Partendo dall'antica Porta Imolese, il percorso delle mura
altomedioevali correva parallelamente a via Cavour, rimanendo ad una
trentina di metri verso la Piazza. All'altezza di via S. Maria
dell'Angelo si apriva la Posterla degli Asaloni, cosi detta dal nome di
una famiglia influente che risiedeva poco distante. La cinta proseguiva
oltre, per poi piegare all'interno del Parco Tassinari e giungere alla
Porta Montanara cui si è accennato. Da questo punto continuava sino al
parcheggio di via Ceonia e quindi seguiva via Bondiolo, rimanendo però
sempre spostata verso il centro della città. Il muro continuava
parallelamente a via Don Bosco, passando dietro all’ex chiesa di S.
Michele (in fondo a via Torricelli) e all'abside dei Servi.
Oltrepassata la Porta del Ponte, che a quei tempi sorgeva a circa 80
metri dal fiume, le mura passavano tra vicolo Dogana e via S. Bernardo,
poi piegavano attraversando longitudinalmente l'isolato tra via Sarti e
via Fadina.

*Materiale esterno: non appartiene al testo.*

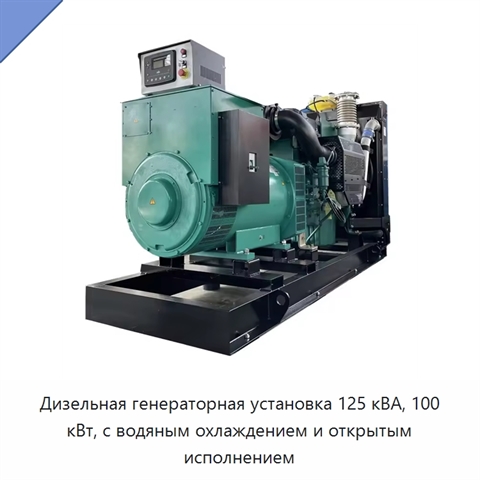 Дизельная генераторная установка 125 кВА, 100 кВт, с водяным охлаждением и открытым исполнением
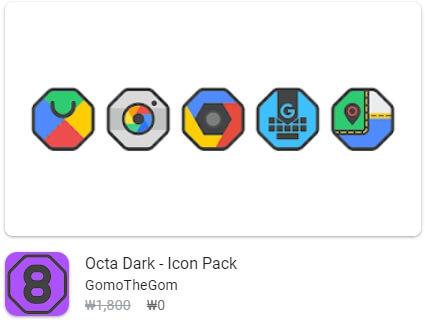 Octa Dark - Icon Pack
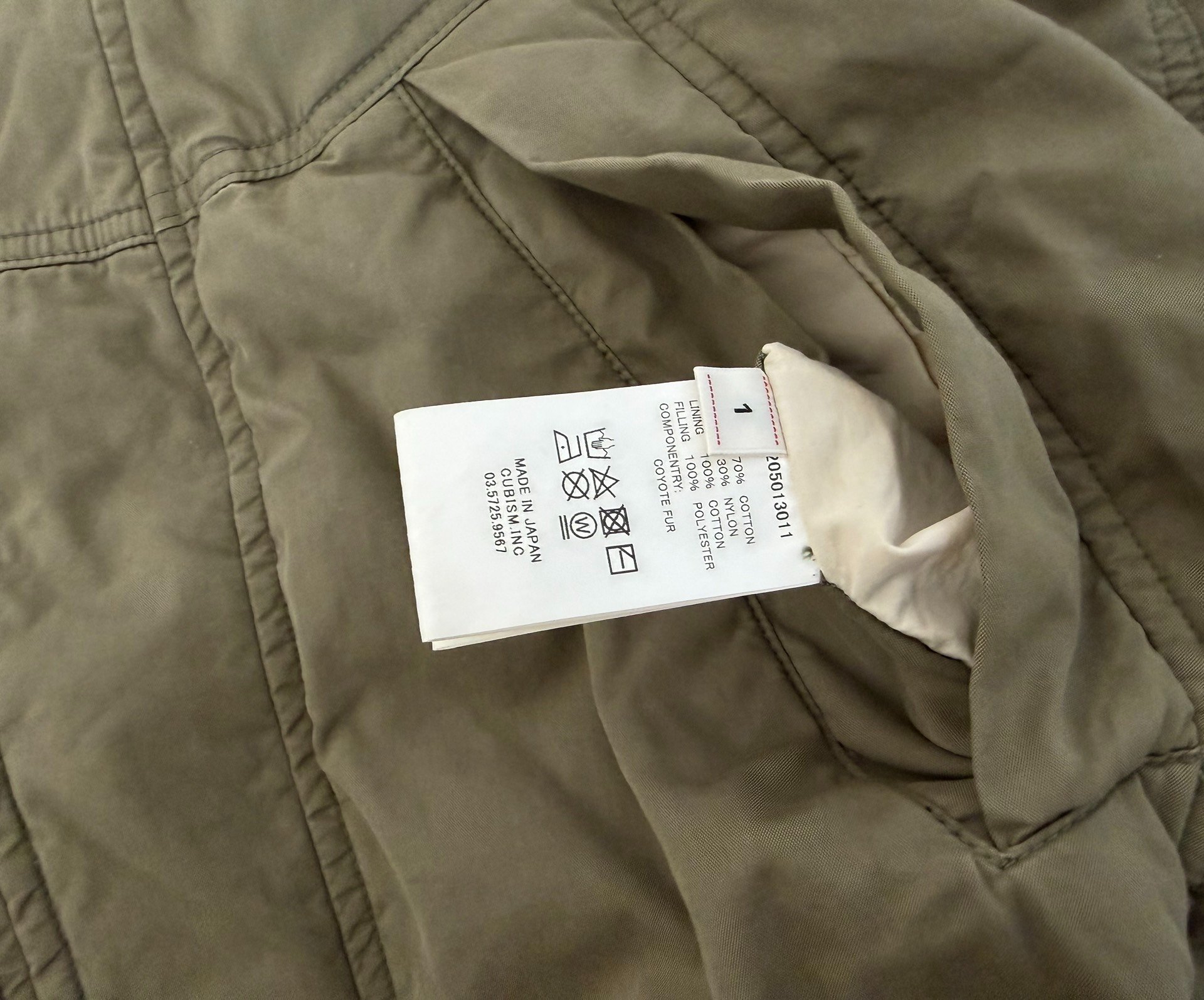 Visvim Glacier Point Parka — label
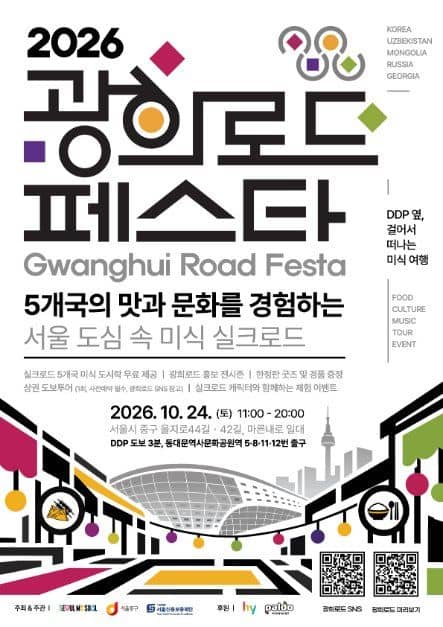 광희로드 페스타 사진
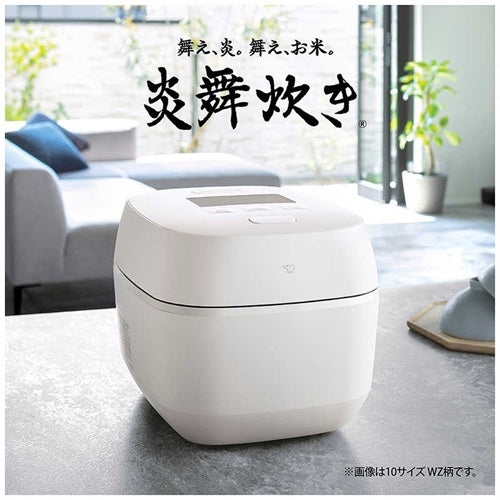 ZOJIRUSHI 象印マホービン 圧力IH炊飯ジャー 炎舞炊き NX-AB18(WZ) 1升 絹白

In epoca non ancora accertata, di fronte a via Giangrandi
fu aperta un'altra piccola uscita, detta Posterla di S. Ippolito,
tramite la quale si raggiungeva la chiesa omonima. In corrispondenza di
corso Garibaldi pare vi fosse una semplice posterla di servizio, mentre
la porta vera e propria, detta del Conte, si trovava su via Naviglio
all'altezza del portone di Palazzo Ferniani. Da questo punto le mura
proseguivano sino all' Istituto d'Arte, per ricongiungersi alla Porta
Imolese. La cinta fu rafforzata con nuove opere anche dopo la sua
costruzione; nel 1184 il Podestà Guglielmo Burro iniziò a riscavare le
fosse della città, allo scopo d'immettervi l’acqua da una presa sul
fiume poco a monte di Persolino, in luogo detto Marciliano (oggi
Osteria del Gallo). II canale, completato dal Podesta Antonino de
Andito nel 1194, correva lungo la strada fuori Porta Montanara e
proseguiva sul lato occidentale di via Cavour; con un largo giro
intorno alle mura andava infine a scaricarsi nel fiume dietro S.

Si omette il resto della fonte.